- Requirement
Each entry must come back word for word; drop the images as you go.

____

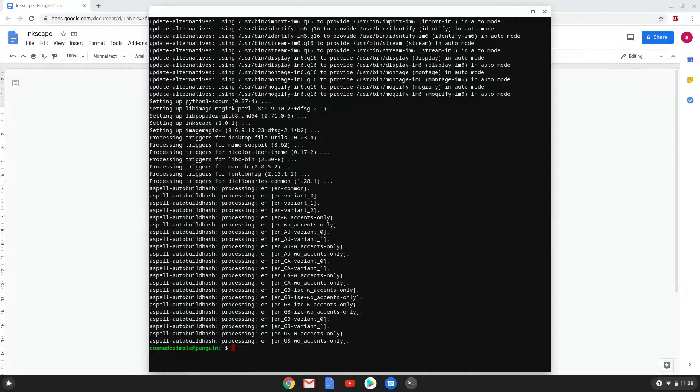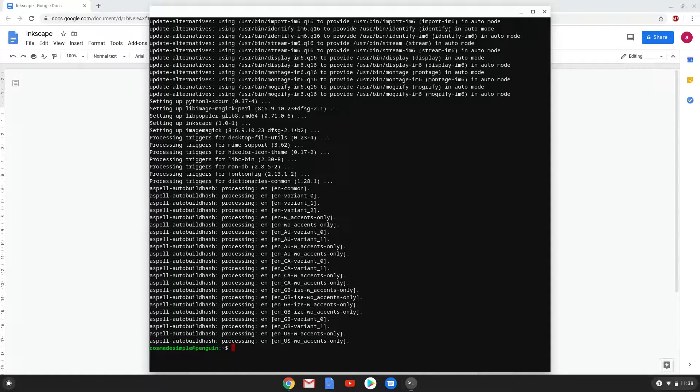Inkscape 1.0 is now installed, however, we will now revert our system sources back to how it was.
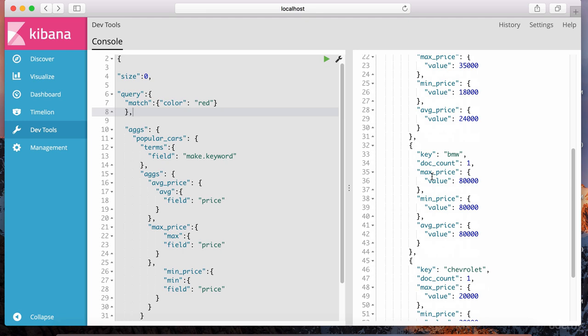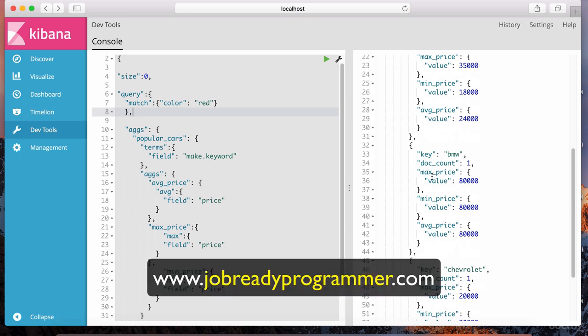There's plenty more to talk about with regards to aggregations — we're not done yet. But this lesson is already about to hit the 20-minute mark, so I'm going to wrap it up here and we're going to continue on aggregations in the next lecture. Thanks for watching, I'll see you soon.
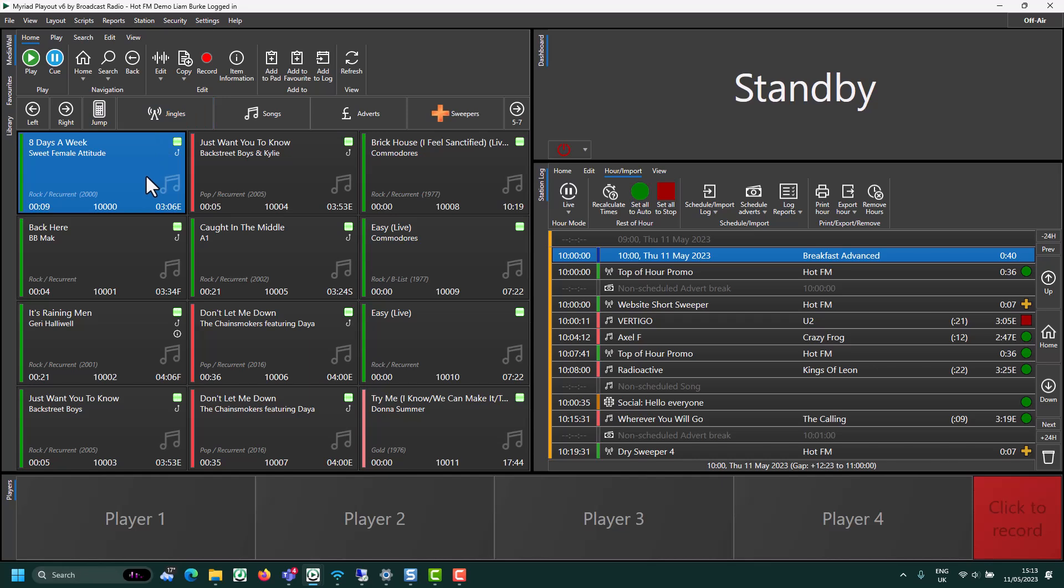In previous versions of Myriad, the audio was altered as it was imported to hit this target level. But in Myriad 6, the default method is actually to apply that normalization scale factor at playtime, so the original audio is not actually affected by the normalization process.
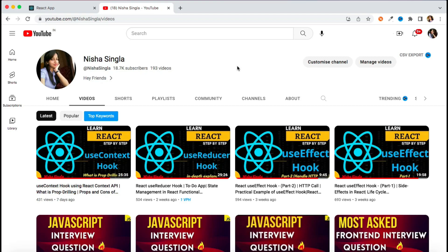In our previous videos we have already discussed about how to handle complex state with the help of the useReducer hook, and we have also discussed about prop drilling and how we can get rid of it with the help of the useContext hook. So now in this session let's combine these two hooks together and see how it is going to benefit you.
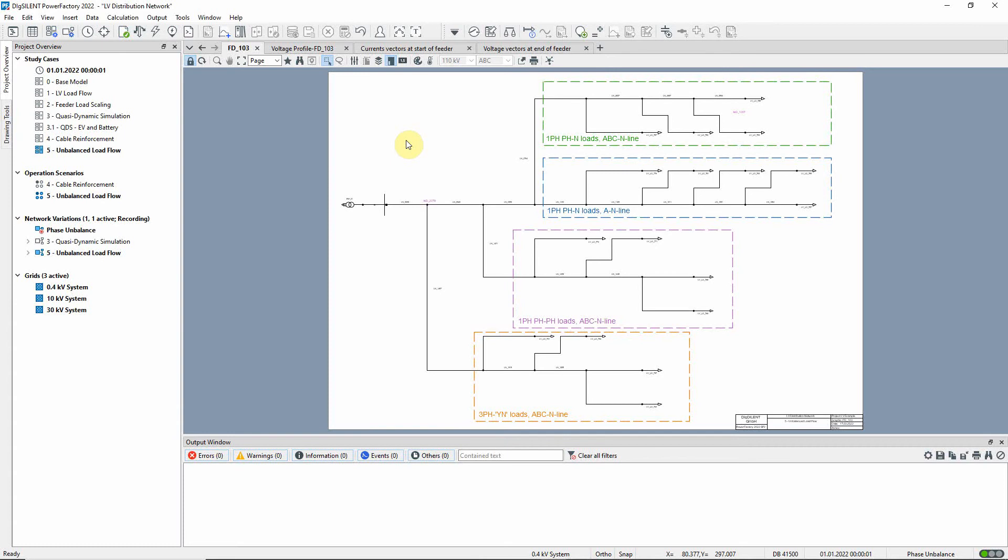In this video, we will demonstrate an unbalanced load flow and the phase balance optimization function.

____

- Answer area
Inkscape 1.0 is now installed, however, we will now revert our system sources back to how it was.
There's plenty more to talk about with regards to aggregations — we're not done yet. But this lesson is already about to hit the 20-minute mark, so I'm going to wrap it up here and we're going to continue on aggregations in the next lecture. Thanks for watching, I'll see you soon.
In previous versions of Myriad, the audio was altered as it was imported to hit this target level. But in Myriad 6, the default method is actually to apply that normalization scale factor at playtime, so the original audio is not actually affected by the normalization process.
In our previous videos we have already discussed about how to handle complex state with the help of the useReducer hook, and we have also discussed about prop drilling and how we can get rid of it with the help of the useContext hook. So now in this session let's combine these two hooks together and see how it is going to benefit you.
In this video, we will demonstrate an unbalanced load flow and the phase balance optimization function.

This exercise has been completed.